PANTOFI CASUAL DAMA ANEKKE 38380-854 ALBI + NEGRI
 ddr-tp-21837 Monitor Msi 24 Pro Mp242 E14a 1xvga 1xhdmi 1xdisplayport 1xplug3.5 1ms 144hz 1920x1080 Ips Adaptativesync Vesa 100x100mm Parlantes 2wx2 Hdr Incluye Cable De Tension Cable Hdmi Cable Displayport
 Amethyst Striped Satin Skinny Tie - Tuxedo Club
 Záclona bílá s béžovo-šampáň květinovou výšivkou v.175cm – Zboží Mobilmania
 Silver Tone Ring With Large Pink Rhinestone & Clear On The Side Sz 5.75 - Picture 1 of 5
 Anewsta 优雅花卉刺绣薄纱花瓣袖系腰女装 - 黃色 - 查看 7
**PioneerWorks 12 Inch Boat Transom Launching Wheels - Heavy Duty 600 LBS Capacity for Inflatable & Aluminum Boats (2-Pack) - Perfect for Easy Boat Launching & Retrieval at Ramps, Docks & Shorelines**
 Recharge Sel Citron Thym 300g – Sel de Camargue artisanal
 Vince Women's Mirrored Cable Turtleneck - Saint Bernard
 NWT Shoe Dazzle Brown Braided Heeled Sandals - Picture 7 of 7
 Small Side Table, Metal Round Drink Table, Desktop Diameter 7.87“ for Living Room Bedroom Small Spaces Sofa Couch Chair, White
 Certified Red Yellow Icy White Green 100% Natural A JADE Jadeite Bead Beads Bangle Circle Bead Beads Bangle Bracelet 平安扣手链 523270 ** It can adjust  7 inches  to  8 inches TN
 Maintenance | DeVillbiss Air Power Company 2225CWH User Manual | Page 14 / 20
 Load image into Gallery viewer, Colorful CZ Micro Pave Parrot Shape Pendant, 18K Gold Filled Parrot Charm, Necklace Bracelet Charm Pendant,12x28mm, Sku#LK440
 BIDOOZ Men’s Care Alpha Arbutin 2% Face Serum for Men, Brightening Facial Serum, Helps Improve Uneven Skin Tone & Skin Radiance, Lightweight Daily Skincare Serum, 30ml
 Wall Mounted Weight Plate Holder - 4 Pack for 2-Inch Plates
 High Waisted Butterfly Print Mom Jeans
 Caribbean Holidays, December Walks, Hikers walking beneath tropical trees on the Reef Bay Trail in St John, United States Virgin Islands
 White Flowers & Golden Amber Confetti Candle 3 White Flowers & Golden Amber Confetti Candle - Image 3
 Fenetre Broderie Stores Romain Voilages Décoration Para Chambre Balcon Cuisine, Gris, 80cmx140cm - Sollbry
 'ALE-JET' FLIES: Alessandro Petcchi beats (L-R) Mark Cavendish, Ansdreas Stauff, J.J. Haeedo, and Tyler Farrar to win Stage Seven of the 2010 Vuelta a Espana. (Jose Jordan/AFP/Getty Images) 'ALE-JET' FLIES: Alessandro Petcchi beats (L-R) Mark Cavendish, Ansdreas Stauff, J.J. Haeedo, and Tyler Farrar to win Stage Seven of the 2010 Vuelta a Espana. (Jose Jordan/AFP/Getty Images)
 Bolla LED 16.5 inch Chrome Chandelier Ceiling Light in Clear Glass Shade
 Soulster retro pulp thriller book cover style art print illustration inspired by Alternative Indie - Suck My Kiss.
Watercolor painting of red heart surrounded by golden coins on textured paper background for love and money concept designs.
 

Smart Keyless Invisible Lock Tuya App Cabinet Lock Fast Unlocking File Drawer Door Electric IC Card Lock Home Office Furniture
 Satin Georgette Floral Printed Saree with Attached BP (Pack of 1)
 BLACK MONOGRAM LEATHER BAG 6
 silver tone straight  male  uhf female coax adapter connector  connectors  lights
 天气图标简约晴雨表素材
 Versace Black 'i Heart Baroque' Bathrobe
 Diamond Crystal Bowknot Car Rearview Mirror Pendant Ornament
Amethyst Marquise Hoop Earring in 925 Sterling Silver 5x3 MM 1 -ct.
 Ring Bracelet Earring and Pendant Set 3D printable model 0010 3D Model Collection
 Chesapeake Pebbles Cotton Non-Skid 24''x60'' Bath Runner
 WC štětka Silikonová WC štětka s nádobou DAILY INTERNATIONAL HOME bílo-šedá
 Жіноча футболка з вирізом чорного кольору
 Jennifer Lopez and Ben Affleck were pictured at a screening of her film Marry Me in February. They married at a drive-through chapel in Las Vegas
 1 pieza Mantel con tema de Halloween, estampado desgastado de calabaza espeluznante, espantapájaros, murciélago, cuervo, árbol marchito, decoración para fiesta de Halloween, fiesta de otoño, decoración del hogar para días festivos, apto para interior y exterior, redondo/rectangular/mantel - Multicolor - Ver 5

+---+

Task goal. Nothing but the lines from the beginning of the records through the line with "Amethyst Striped Satin" should appear, each printed exactly.

Result of this exercise.
PANTOFI CASUAL DAMA ANEKKE 38380-854 ALBI + NEGRI
 ddr-tp-21837 Monitor Msi 24 Pro Mp242 E14a 1xvga 1xhdmi 1xdisplayport 1xplug3.5 1ms 144hz 1920x1080 Ips Adaptativesync Vesa 100x100mm Parlantes 2wx2 Hdr Incluye Cable De Tension Cable Hdmi Cable Displayport
 Amethyst Striped Satin Skinny Tie - Tuxedo Club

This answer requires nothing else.